In [1]:
from selenium import webdriver
from selenium.webdriver.chrome.service import Service
from selenium.webdriver.common.by import By
from selenium.webdriver.support.ui import WebDriverWait
from selenium.webdriver.support import expected_conditions as EC
import pandas as pd

<p>ChromeDriver is a separate executable that Selenium WebDriver uses to control Chrome. It is maintained by the Chromium team with help from WebDriver contributors.

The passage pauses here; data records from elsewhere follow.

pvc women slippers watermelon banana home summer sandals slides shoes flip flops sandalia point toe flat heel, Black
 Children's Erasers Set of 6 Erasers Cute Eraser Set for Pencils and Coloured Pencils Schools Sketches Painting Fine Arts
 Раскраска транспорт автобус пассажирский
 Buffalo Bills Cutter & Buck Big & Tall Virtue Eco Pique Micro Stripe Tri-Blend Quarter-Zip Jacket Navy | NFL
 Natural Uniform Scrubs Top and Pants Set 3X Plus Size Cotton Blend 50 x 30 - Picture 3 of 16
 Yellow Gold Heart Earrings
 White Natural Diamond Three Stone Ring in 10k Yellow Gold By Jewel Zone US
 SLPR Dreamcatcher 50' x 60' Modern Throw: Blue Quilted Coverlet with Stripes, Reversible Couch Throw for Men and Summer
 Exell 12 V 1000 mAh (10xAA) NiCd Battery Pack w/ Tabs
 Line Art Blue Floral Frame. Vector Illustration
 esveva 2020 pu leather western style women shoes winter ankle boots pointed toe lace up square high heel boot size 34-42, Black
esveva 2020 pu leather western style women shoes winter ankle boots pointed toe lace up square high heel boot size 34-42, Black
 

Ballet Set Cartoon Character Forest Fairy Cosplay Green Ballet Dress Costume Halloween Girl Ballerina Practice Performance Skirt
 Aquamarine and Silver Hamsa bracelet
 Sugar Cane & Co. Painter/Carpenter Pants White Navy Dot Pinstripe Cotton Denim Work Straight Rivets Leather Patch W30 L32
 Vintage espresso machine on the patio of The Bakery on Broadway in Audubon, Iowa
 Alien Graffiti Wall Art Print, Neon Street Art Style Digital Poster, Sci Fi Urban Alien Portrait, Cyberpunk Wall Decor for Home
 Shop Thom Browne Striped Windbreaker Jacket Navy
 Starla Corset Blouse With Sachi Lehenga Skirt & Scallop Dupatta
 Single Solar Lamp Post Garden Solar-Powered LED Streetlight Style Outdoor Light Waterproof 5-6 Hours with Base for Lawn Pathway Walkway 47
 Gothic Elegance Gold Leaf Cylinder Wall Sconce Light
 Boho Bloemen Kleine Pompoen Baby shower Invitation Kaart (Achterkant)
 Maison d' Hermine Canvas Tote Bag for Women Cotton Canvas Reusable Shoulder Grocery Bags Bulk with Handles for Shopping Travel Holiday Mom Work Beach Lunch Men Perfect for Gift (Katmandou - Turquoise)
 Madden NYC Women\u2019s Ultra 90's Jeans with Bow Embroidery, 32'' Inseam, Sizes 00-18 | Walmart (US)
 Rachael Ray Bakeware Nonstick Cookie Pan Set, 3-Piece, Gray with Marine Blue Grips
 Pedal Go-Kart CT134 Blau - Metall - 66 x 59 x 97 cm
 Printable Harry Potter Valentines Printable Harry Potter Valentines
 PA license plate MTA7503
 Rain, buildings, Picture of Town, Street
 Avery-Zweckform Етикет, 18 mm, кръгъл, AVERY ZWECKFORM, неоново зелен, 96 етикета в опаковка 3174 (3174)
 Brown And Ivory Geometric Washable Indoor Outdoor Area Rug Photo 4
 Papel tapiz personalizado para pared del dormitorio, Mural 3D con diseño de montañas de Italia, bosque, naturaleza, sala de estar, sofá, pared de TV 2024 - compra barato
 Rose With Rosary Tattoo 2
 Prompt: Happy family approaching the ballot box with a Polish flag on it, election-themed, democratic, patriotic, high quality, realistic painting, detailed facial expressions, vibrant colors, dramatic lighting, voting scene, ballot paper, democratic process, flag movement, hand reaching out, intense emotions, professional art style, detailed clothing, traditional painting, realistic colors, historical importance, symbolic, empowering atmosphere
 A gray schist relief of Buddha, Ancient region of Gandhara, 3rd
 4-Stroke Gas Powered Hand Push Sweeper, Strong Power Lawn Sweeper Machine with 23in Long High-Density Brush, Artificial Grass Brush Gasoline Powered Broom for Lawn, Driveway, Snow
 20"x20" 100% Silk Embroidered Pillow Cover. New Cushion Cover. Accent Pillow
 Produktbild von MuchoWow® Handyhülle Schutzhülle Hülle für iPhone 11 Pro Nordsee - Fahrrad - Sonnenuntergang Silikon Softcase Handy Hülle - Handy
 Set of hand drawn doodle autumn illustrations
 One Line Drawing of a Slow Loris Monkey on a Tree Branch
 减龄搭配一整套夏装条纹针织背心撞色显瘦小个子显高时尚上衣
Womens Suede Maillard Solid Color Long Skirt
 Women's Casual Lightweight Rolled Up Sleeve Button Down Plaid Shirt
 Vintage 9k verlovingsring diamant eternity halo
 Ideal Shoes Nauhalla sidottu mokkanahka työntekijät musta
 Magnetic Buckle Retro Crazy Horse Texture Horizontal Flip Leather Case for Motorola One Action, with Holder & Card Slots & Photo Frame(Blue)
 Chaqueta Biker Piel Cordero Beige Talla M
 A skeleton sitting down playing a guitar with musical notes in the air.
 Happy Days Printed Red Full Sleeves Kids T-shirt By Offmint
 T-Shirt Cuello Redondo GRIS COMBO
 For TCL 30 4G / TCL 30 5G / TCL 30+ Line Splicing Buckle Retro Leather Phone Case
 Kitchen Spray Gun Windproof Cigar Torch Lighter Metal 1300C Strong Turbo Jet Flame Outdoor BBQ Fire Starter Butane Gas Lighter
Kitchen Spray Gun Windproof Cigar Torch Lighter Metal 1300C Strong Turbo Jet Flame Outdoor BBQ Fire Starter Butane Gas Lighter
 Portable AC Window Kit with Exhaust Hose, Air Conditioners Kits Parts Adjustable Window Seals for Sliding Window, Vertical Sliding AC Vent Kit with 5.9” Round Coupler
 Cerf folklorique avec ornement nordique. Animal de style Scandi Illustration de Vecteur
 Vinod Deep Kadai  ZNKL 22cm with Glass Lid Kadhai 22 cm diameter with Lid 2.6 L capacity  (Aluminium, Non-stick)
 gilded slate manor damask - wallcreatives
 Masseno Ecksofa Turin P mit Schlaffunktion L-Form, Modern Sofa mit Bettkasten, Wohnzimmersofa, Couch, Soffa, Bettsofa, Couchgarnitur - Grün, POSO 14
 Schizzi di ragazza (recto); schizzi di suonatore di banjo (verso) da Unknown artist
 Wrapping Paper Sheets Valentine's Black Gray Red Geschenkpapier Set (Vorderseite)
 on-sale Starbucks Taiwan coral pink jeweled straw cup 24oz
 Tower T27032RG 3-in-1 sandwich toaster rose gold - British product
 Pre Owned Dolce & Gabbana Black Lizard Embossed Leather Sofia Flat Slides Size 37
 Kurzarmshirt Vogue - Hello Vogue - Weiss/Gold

If you are unfamiliar with Selenium WebDriver, you should check out the <a href="https://www.selenium.dev/">Selenium site</a>.</p>

https://googlechromelabs.github.io/chrome-for-testing/

## 1. Create df dataframe including university code, type(state or private) and name

In [1059]:
service = Service("chromedriver.exe")
driver= webdriver.Chrome(service=service)
driver.get("https://yokatlas.yok.gov.tr/lisans-anasayfa.php")
driver.maximize_window()
driver.implicitly_wait(5)
optgroups = driver.find_elements(by=By.XPATH,value="//optgroup[@label]")[:4]
labels = [optgroup.get_attribute("label").split()[0] for optgroup in optgroups]
universities = { } # Create a dictionary  {"state":{uni_code:uni_name,....}, {"private":{uni_code:uni_name,...}  }
 
for label , optgroup in zip(labels,optgroups):
    options = optgroup.find_elements (by=By.TAG_NAME,value="option")
    universities[label] = {int(option.get_attribute("value")):option.get_attribute("innerText").strip()  for option in options}
df =pd.DataFrame.from_dict(universities).stack().to_frame().reset_index()
df.columns = ["uni_code","uni_type","uni_name"]
print("Shape of the df:",df.shape) 
df.head(3)  

Shape of the df: (224, 3)


Unnamed: 0,uni_code,uni_type,uni_name
0,1065,Devlet,ABDULLAH GÜL ÜNİVERSİTESİ
1,1104,Devlet,ADANA ALPARSLAN TÜRKEŞ BİLİM VE TEKNOLOJİ ÜNİV...
2,1002,Devlet,ADIYAMAN ÜNİVERSİTESİ


## 2- Create df_city with the columns "city name" and "university name"

 In this step we use another url that gives universities and cities.

In [1060]:
driver.get("https://yokatlas.yok.gov.tr/universite.php")
driver.implicitly_wait(10)
city_web_elements = driver.find_elements(by=By.CLASS_NAME, value="sehir")
cities = [web_element.get_attribute("innerText").strip() for web_element in city_web_elements]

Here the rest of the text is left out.